- [Activity] Omit any picture, and return the remaining data exactly as written.

Short descriptive text snippets

_ _ _ _

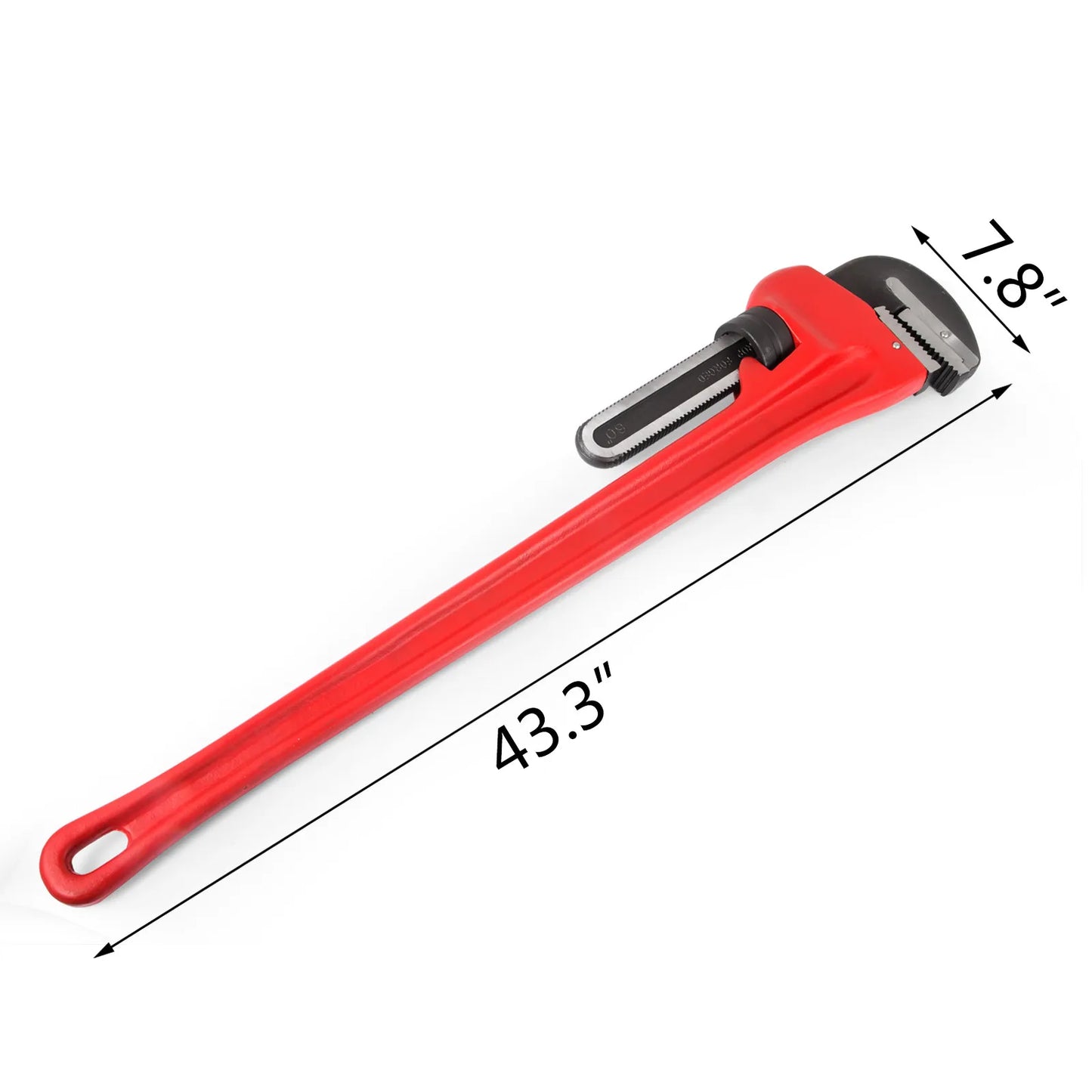 Industrial Grade Offset Heavy Duty Pipe Wrench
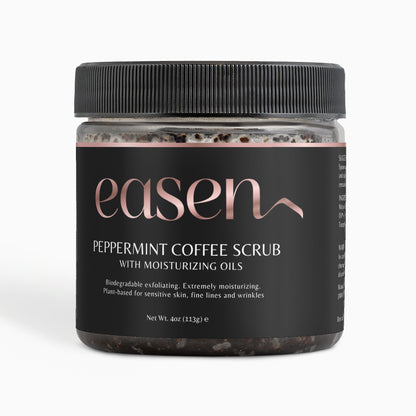 Peppermint Coffee Scrub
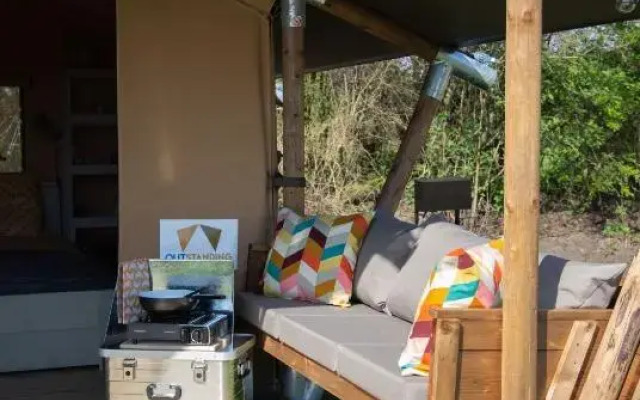 Safaritent Lodge 2 plus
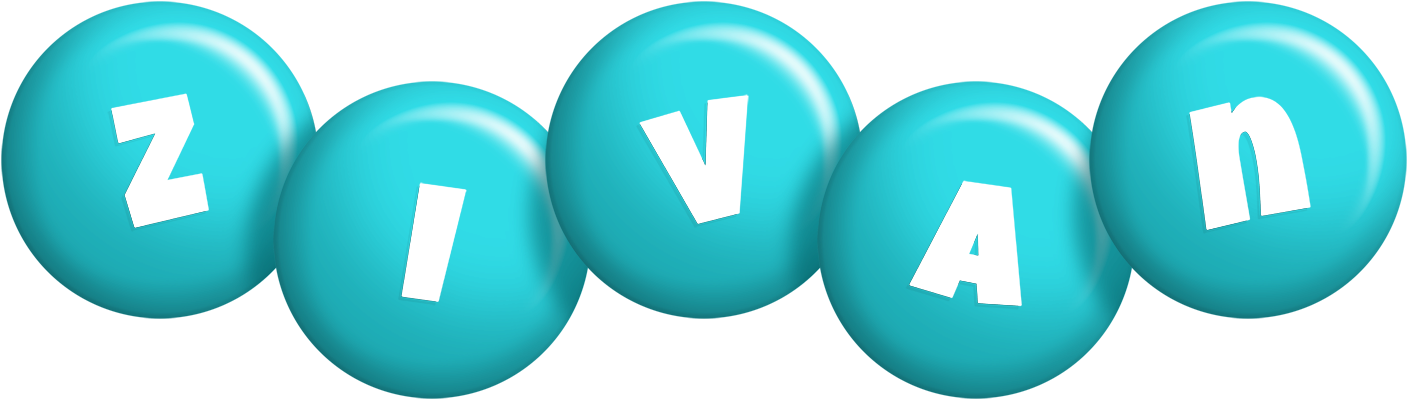 Zivan candy-azur logo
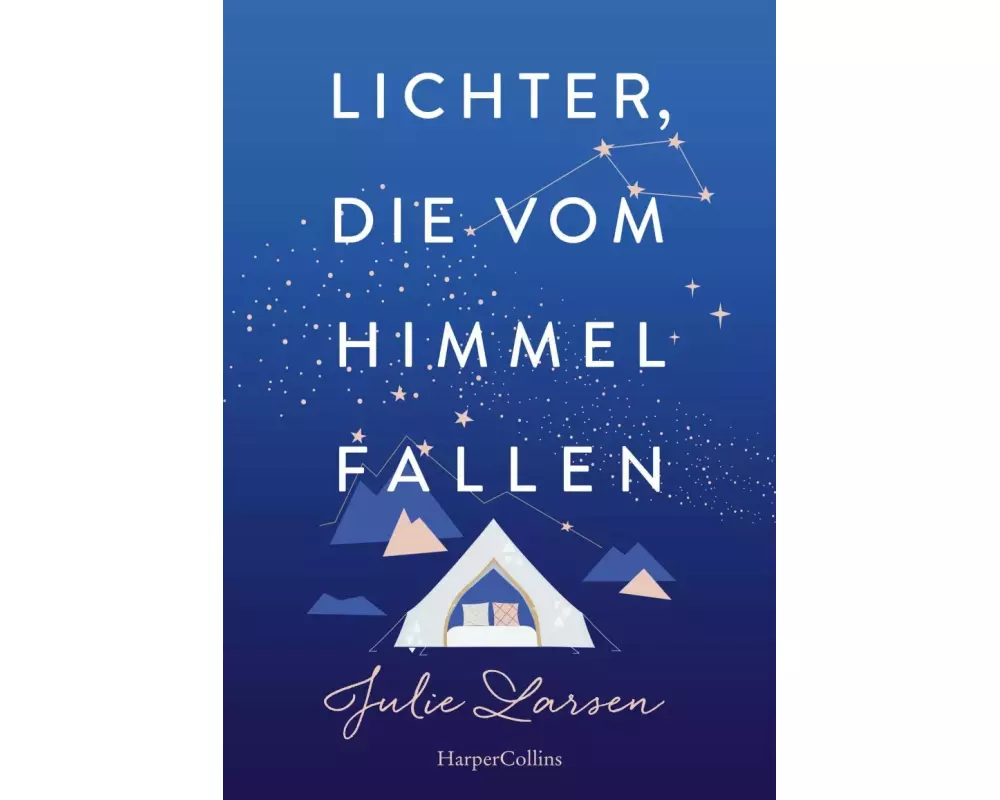 Lichter, die vom Himmel fallen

_ _ _ _

- [Task result]
 Industrial Grade Offset Heavy Duty Pipe Wrench
 Peppermint Coffee Scrub
 Safaritent Lodge 2 plus
 Zivan candy-azur logo
 Lichter, die vom Himmel fallen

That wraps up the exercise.